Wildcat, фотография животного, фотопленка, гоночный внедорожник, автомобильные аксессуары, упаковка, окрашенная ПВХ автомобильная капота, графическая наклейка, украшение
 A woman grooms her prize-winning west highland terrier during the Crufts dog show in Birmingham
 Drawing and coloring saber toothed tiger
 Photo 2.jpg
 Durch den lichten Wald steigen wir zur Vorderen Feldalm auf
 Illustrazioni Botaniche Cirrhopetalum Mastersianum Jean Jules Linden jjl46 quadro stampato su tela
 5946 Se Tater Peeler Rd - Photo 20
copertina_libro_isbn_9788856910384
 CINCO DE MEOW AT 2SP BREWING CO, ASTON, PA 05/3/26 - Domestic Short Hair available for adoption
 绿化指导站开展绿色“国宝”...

··········

## [What to do]
Repeat every line exactly, starting with the first line of the entries, and stop once the line containing "Durch den lichten" has been given.

## [Response to the task]
Wildcat, фотография животного, фотопленка, гоночный внедорожник, автомобильные аксессуары, упаковка, окрашенная ПВХ автомобильная капота, графическая наклейка, украшение
 A woman grooms her prize-winning west highland terrier during the Crufts dog show in Birmingham
 Drawing and coloring saber toothed tiger
 Photo 2.jpg
 Durch den lichten Wald steigen wir zur Vorderen Feldalm auf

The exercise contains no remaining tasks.